### DIRECTIONS FOR THIS TASK
The response should repeat word for word every line below from the one with "Pinup Brunette With" to the one with "Picture of 1844", inclusive, and nothing else; leave pictures out.

Records excerpted from a collection

++++++

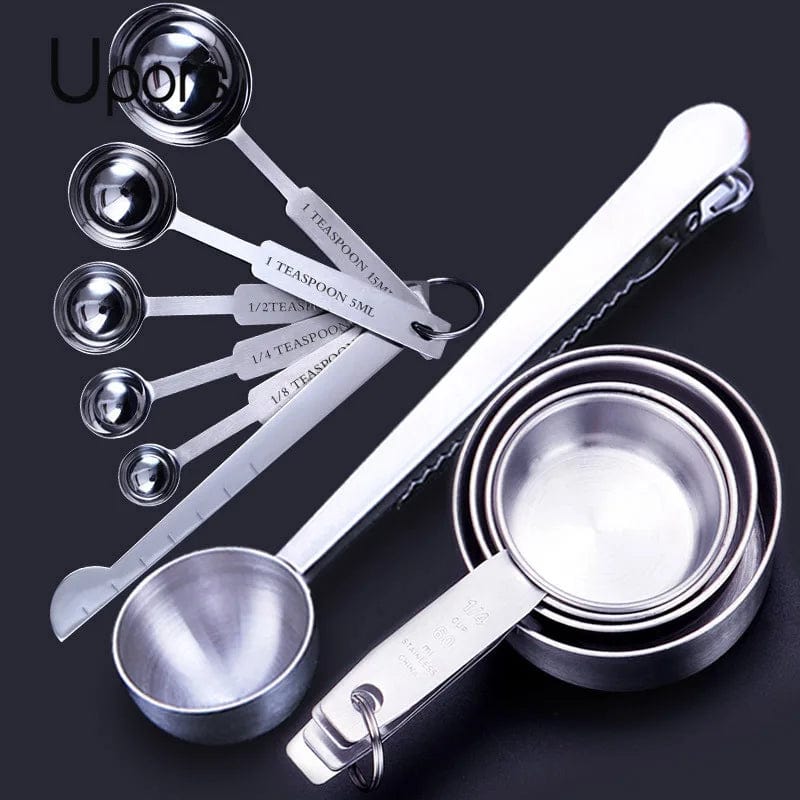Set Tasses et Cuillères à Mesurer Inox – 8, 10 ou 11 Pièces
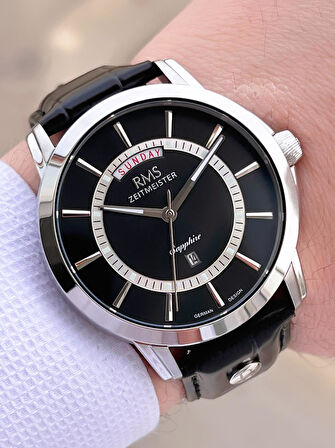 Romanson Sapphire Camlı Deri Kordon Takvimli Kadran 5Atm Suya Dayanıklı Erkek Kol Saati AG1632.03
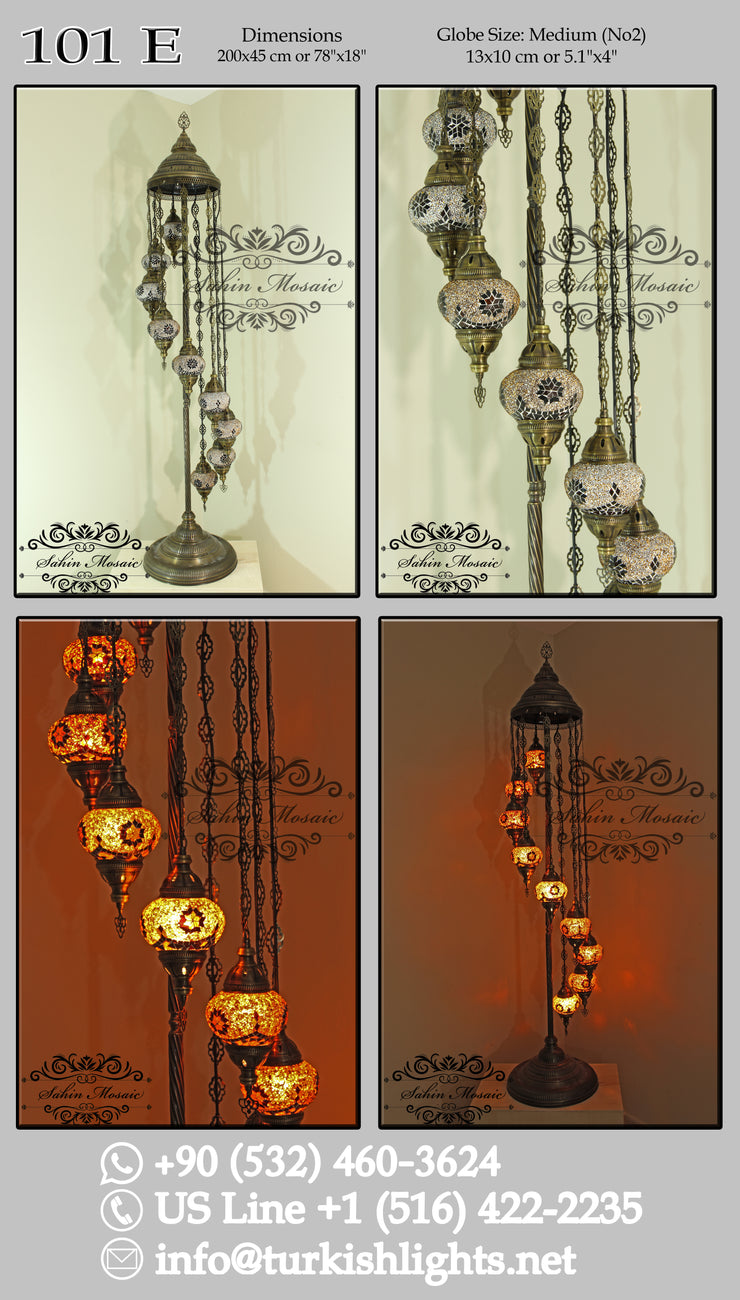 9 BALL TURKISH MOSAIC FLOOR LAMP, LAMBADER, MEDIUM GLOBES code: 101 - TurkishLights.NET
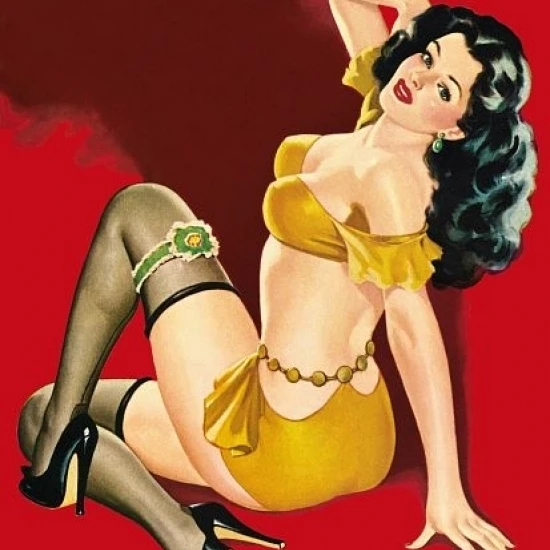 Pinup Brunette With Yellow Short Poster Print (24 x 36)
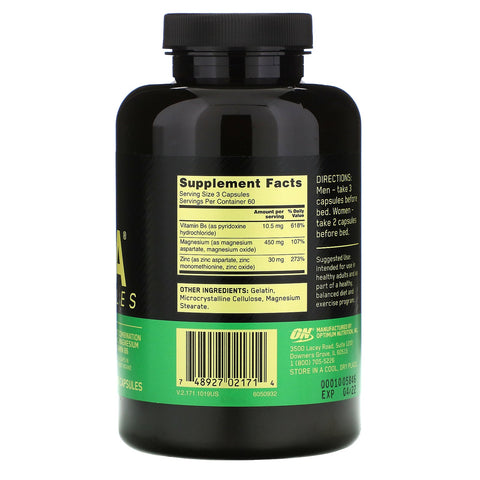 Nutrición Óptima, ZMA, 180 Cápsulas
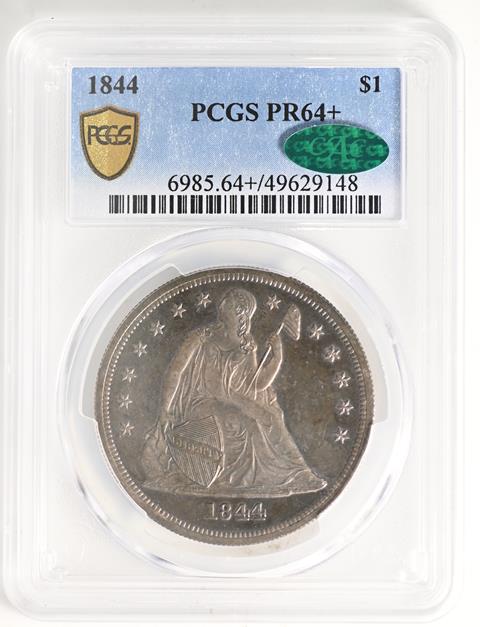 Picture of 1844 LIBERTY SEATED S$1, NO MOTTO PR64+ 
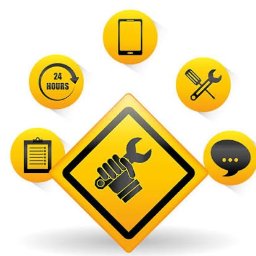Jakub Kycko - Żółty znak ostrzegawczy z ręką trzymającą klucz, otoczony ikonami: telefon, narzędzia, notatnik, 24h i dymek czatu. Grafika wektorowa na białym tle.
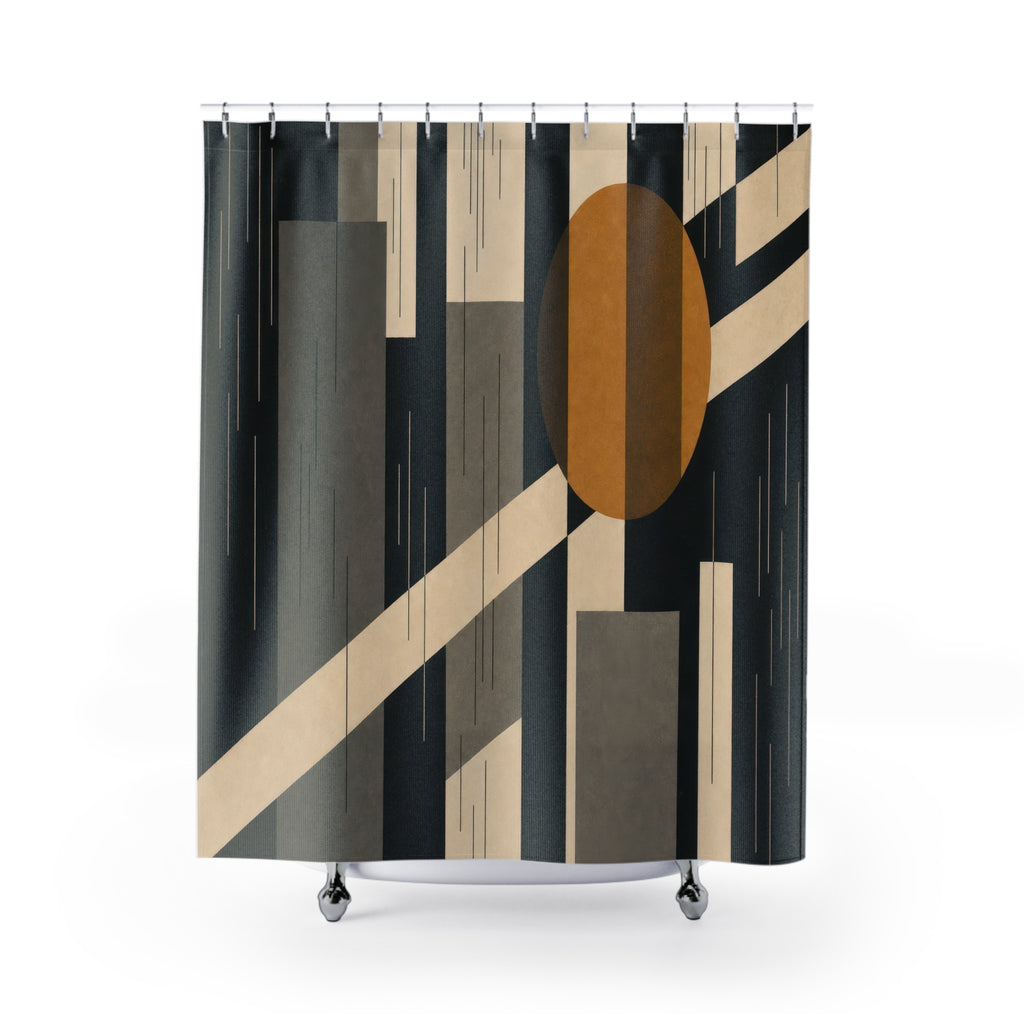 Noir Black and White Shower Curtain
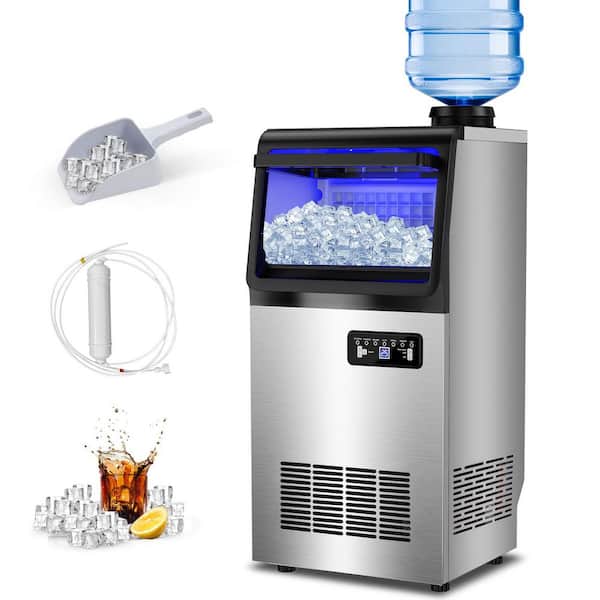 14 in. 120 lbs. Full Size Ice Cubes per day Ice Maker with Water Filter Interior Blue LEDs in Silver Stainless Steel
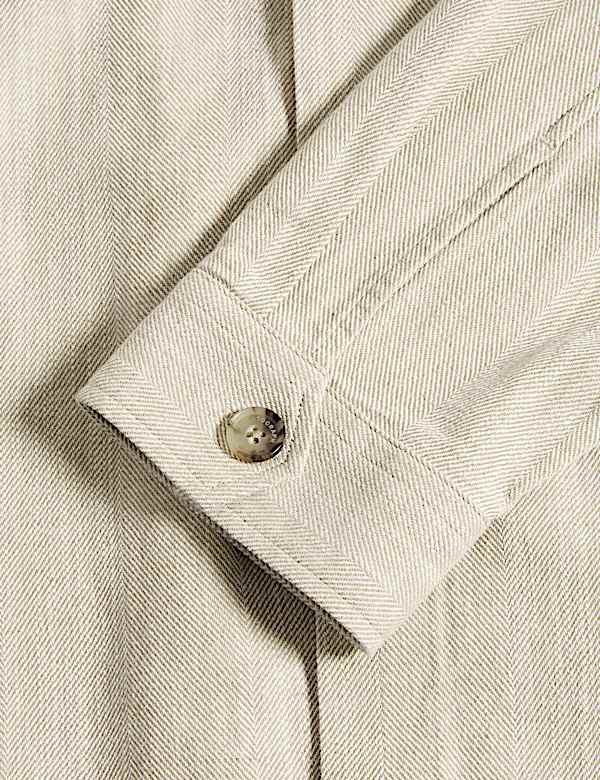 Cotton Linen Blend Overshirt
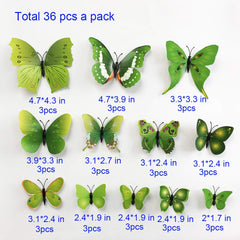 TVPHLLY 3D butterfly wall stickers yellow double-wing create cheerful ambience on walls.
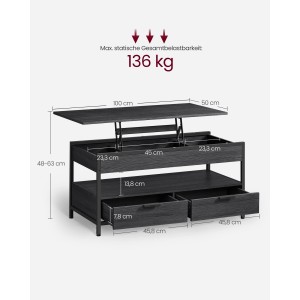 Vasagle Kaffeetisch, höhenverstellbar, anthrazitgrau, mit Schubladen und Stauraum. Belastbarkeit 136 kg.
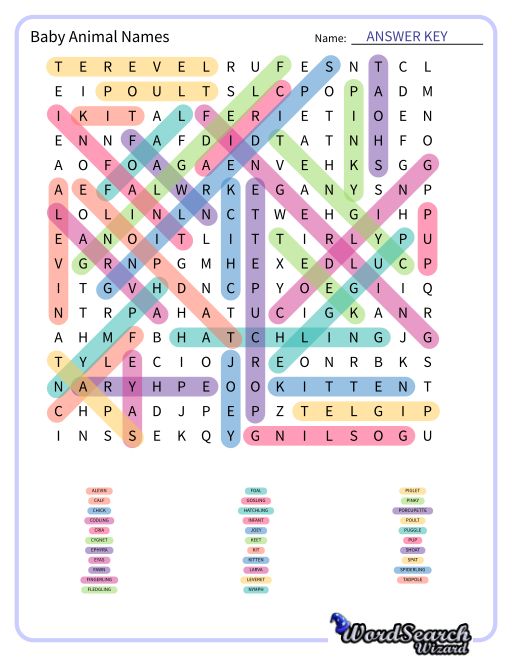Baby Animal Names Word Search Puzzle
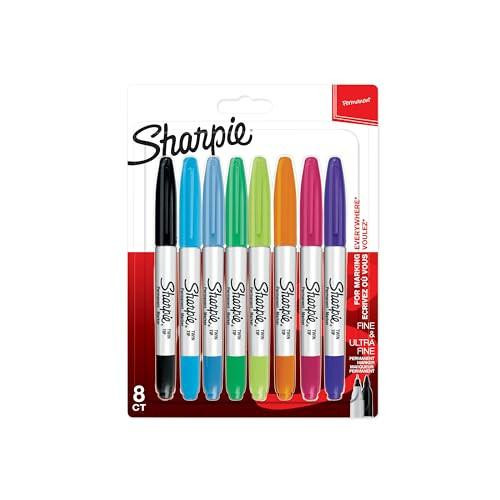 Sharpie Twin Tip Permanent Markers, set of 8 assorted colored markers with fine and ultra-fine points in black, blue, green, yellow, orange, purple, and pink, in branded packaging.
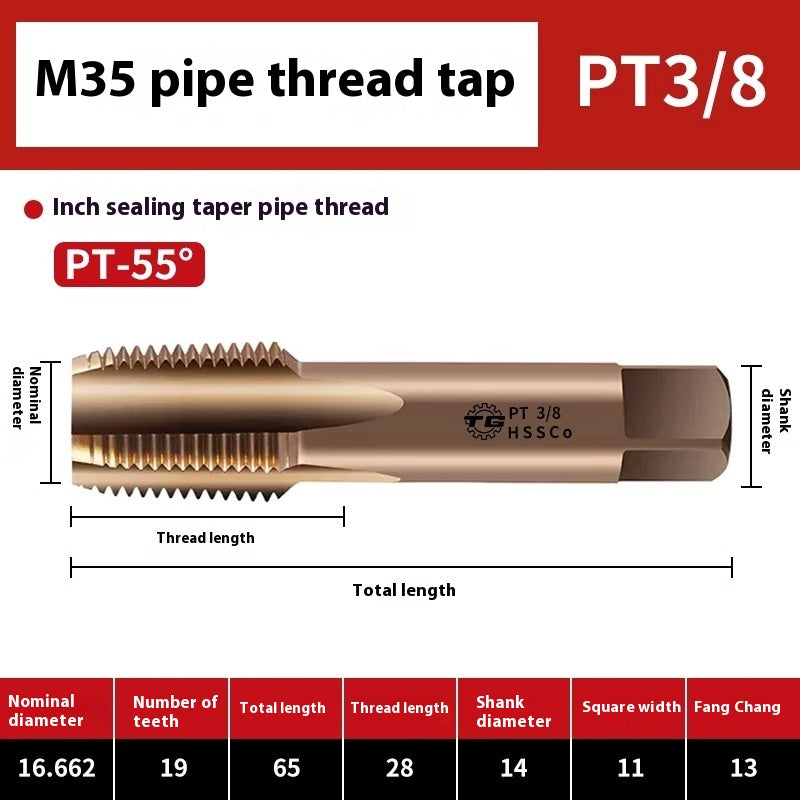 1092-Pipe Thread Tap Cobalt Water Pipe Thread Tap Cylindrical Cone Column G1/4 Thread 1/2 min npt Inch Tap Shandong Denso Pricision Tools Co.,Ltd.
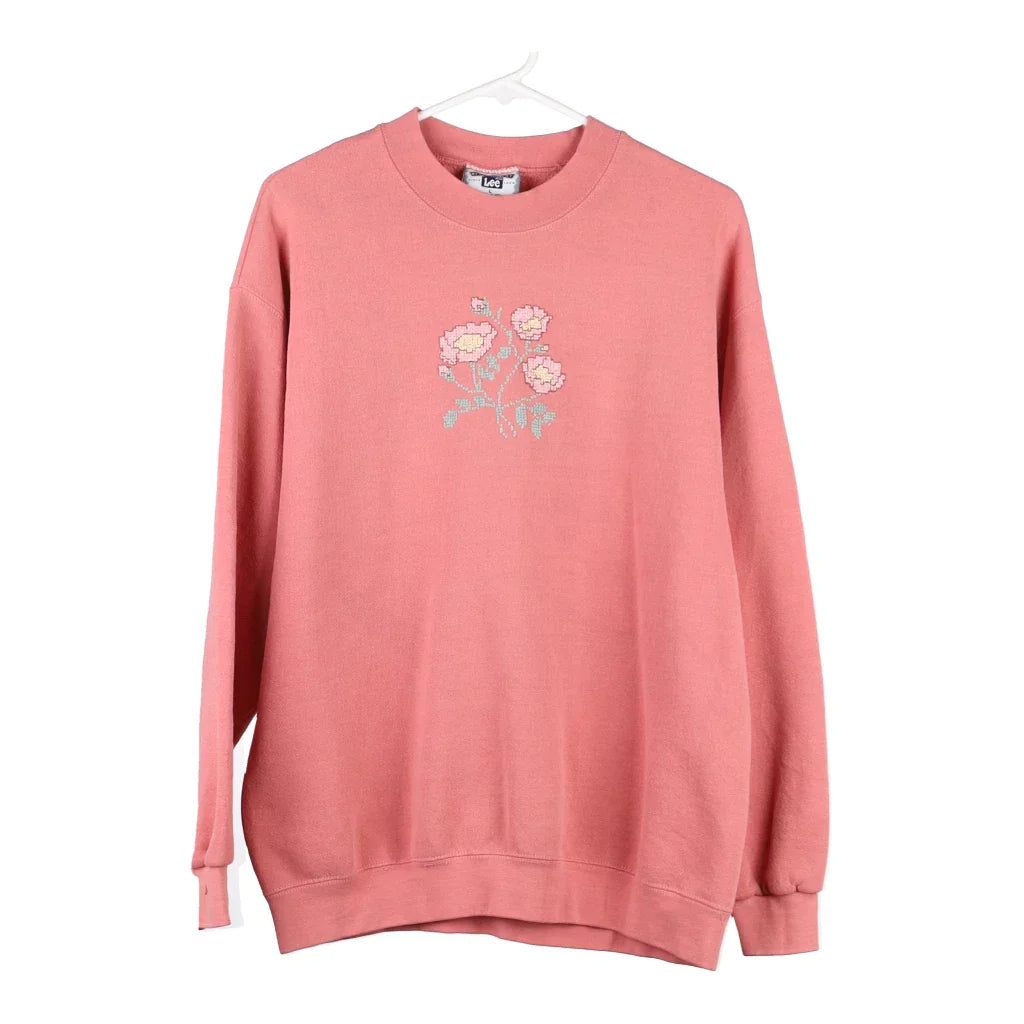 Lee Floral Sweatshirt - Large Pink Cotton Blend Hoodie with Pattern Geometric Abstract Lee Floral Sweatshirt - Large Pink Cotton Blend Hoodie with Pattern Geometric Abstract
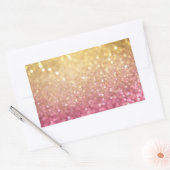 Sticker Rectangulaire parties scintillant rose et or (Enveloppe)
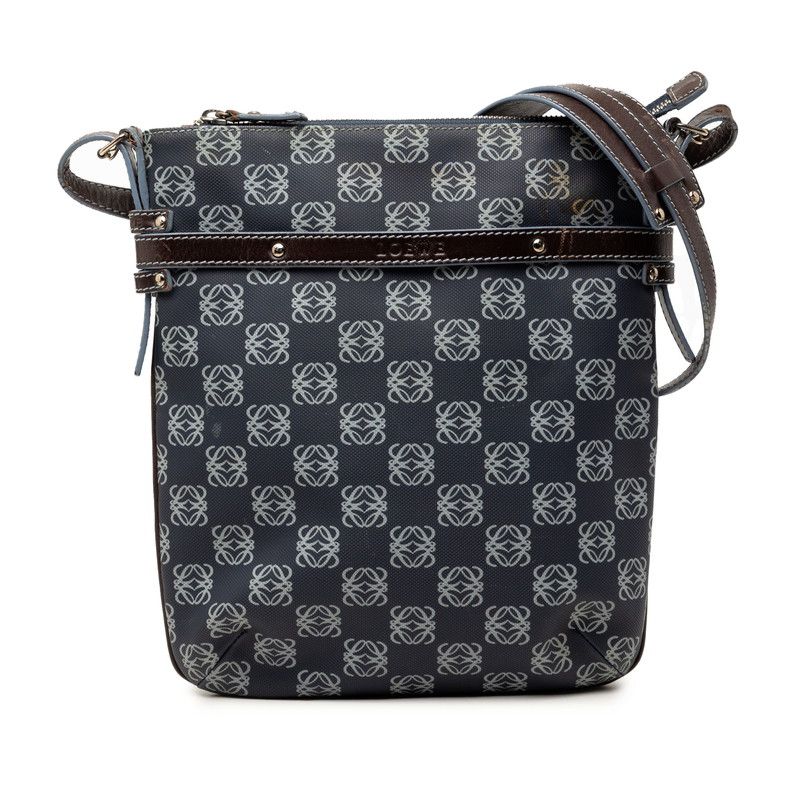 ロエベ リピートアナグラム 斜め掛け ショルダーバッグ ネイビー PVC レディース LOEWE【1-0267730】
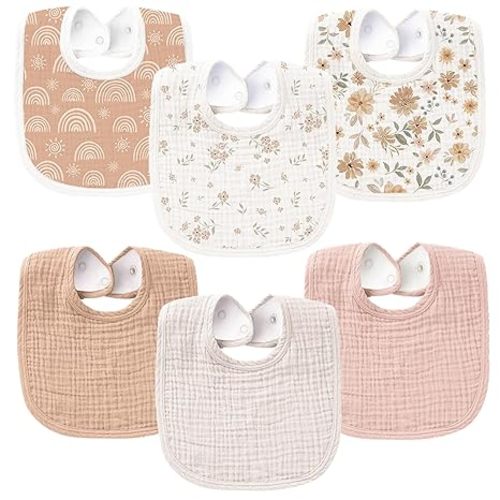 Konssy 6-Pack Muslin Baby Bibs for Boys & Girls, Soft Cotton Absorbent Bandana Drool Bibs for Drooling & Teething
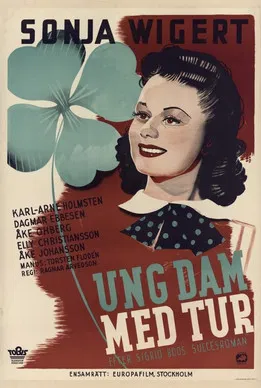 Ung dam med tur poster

++++++

### RESPONSE AREA
 Pinup Brunette With Yellow Short Poster Print (24 x 36)
 Nutrición Óptima, ZMA, 180 Cápsulas
 Picture of 1844 LIBERTY SEATED S$1, NO MOTTO PR64+ 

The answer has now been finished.